Harry Johnson

Personal information
- Full name: Harry Johnson
- Date of birth: 4 December 1910
- Place of birth: Radcliffe, Lancashire, England
- Date of death: 1981 (aged 70–71)
- Place of death: Scunthorpe, Lincolnshire, England
- Height: 5 ft 9+1⁄2 in (1.77 m)
- Positions: Centre forward; inside right;

Senior career*
- Years: Team / Apps / (Gls)
- –: Heywood St James'
- –: Great Harwood
- –: Winsford United
- –: Stalybridge Celtic
- 1931–1934: Oldham Athletic / 37 / (13)
- 1934–1936: Southend United / 36 / (15)
- 1936–1937: Exeter City / 11 / (1)
- 1937–194?: Scunthorpe & Lindsey United /  / (87)

= Harry Johnson (footballer, born 1910) =

English footballer

Harry Johnson (4 December 1910 – 1981) was an English footballer who scored 29 goals from 84 matches in the Football League playing for Oldham Athletic, Southend United and Exeter City. A centre forward or inside right, he also played non-league football for clubs including Great Harwood, Winsford United, Stalybridge Celtic and Scunthorpe & Lindsey United.

==Personal life==
Johnson was born in Radcliffe, which was then in Lancashire, in 1910. He married Lena Hardman in 1932; the 1939 Register records the couple living in Scunthorpe, Lincolnshire, where Johnson was working as an electrician's labourer. In 1965, he was the works suggestions officer at the Appleby-Frodingham Steel Company and was chairman of their cricket club. He died in Scunthorpe in 1981.

==Football career==
Johnson played football for Heywood St James', for Great Harwood of the Lancashire Combination, and for Cheshire County League clubs Winsford United and Stalybridge Celtic, before signing for Oldham Athletic of the Football League Second Division. He made his league debut in the 1931–32 season, and over the next two seasons took his totals to 13 goals from 37 league appearances. After Oldham were relegated in 1934, Johnson was one of eleven players given free transfers.

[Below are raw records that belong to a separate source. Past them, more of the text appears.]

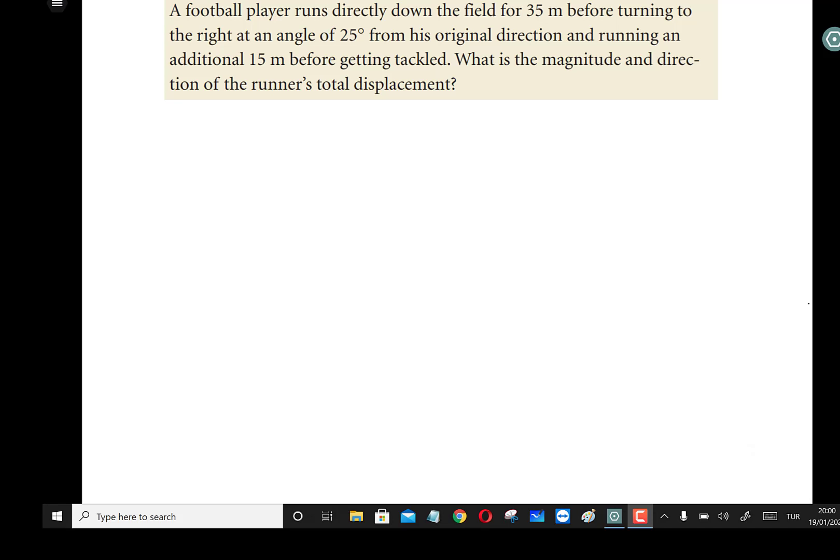A football player runs directly down the field for 35 meters before turning to the right at an angle of 25 degrees from his original direction and running an additional 15 meters before getting tackled. What is the magnitude and direction of the runner's total displacement?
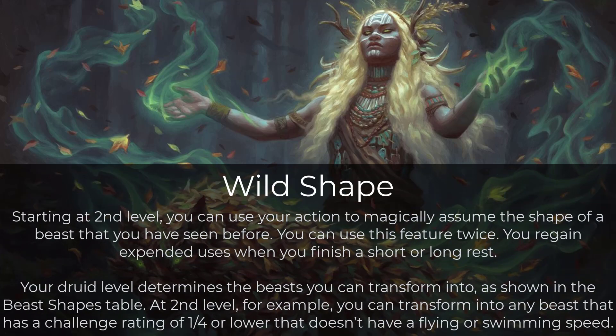Hey guys, welcome to another video. This one we'll be talking about wild shape and how to pull it off. I've built two modes for it — one for combat and one without. So let's go ahead and take a look at the base wild shape.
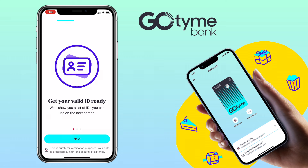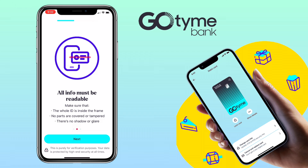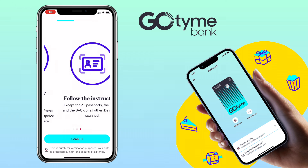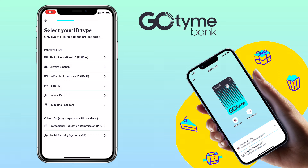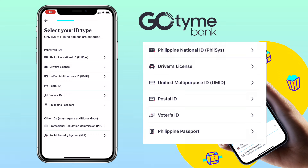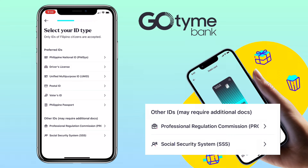Get your valid ID ready — all information must be readable. For the preferred IDs, you can use any of the following: Philippine National ID, driver's license, Unified Multi-Purpose ID, postal ID, voter's ID, or Philippine passport. Other IDs may require additional documents, like the Professional Regulation Commission (PRC) or Social Security System (SSS).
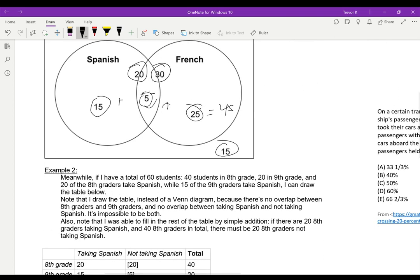I could also do a different example where I need to use a T-chart. Let's say I have 60 students again: 40 in 8th grade, 20 in 9th grade. 20 of the 8th graders take Spanish, 15 of the 9th graders take Spanish. Note I have no overlap between 8th and 9th, and no overlap between taking Spanish and not taking Spanish. Because of that, I need to do a T-chart instead of a Venn diagram. If I did a Venn diagram, I'd end up with overlaps sometimes, no overlaps other times, and it'd be a mess.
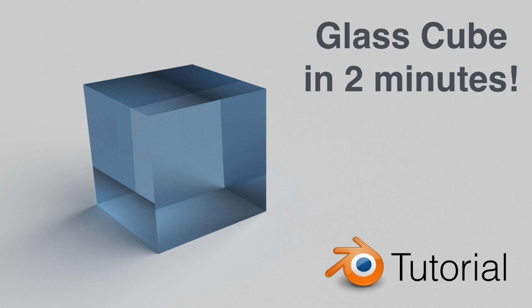Hey everyone, my name is Olav and today I'm going to show you how to make a glass cube in 2 minutes in Blender. It's going to be fairly quick and easy for beginners, so let's get started.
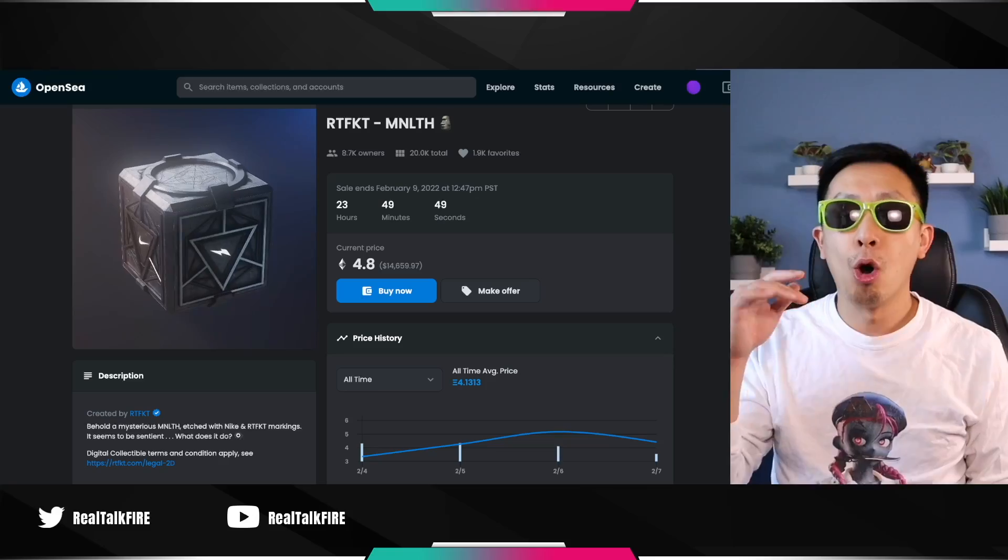You guys know the drill. I give out NFTs here all the time. Subscribe, comment, and like, and I'll pick a winner to give out an NFT from this video.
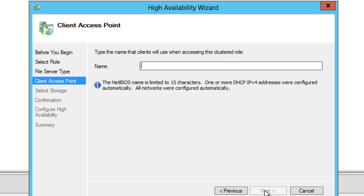Now we're going to give it a name. It's really up to you what name you want to get. I'm going to do BTN FS Server. It's a long one, right? BTN FS Server. Say that ten times fast. And we're going to hit next.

He joined Southend United, and in his first season was the club's top scorer with 22 goals in all competitions. In 1936, he moved on to another third-tier club, Exeter City, for whom he played 11 league matches.

Scunthorpe & Lindsey United of the Midland League signed Johnson in 1937. According to the Lincolnshire Echo, "he can play in any inside forward position, but is at his best at centre-forward". He scored profusely, finishing the season second in the Midland League's scorers table with 38 goals. Despite interest from Football League clubs, he re-signed for Scunthorpe for another season. By February 1939, he had overtaken Ernie Simms' club record of 57 goals scored in all competitions during a single season, and seemed sure to break his club record of 52 Midland League goals as well, as Scunthorpe headed for their second league title. Unfortunately for him, he sustained a knee injury in mid-March that kept him out for several matches, and had to settle for 49.

He remained with Scunthorpe into wartime football, but his leg again gave way, and in October 1939 he had an operation to remove the knee cartilage. Once fit again, he also played as a guest for Doncaster Rovers. After the war, Johnson coached Scunthorpe's junior teams.